**WHAT TO WORK ON:** In the records below, find the line containing "Goud, roze, blauwe" and the line containing "Saint Laurent Patent"; please repeat exactly the lines from one to the other, both included, and nothing more.

**RECORDS TO USE:**
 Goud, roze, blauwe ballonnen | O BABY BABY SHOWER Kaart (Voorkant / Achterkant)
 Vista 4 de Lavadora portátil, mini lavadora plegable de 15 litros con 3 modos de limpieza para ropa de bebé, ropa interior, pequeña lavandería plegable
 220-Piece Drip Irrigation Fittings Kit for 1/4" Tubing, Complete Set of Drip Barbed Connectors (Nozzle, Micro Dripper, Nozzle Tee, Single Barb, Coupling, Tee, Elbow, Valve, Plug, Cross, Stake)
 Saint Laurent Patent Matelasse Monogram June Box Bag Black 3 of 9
...
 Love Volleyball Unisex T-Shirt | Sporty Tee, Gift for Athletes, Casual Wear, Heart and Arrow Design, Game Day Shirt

**FINISHED EXERCISE:**
 Goud, roze, blauwe ballonnen | O BABY BABY SHOWER Kaart (Voorkant / Achterkant)
 Vista 4 de Lavadora portátil, mini lavadora plegable de 15 litros con 3 modos de limpieza para ropa de bebé, ropa interior, pequeña lavandería plegable
 220-Piece Drip Irrigation Fittings Kit for 1/4" Tubing, Complete Set of Drip Barbed Connectors (Nozzle, Micro Dripper, Nozzle Tee, Single Barb, Coupling, Tee, Elbow, Valve, Plug, Cross, Stake)
 Saint Laurent Patent Matelasse Monogram June Box Bag Black 3 of 9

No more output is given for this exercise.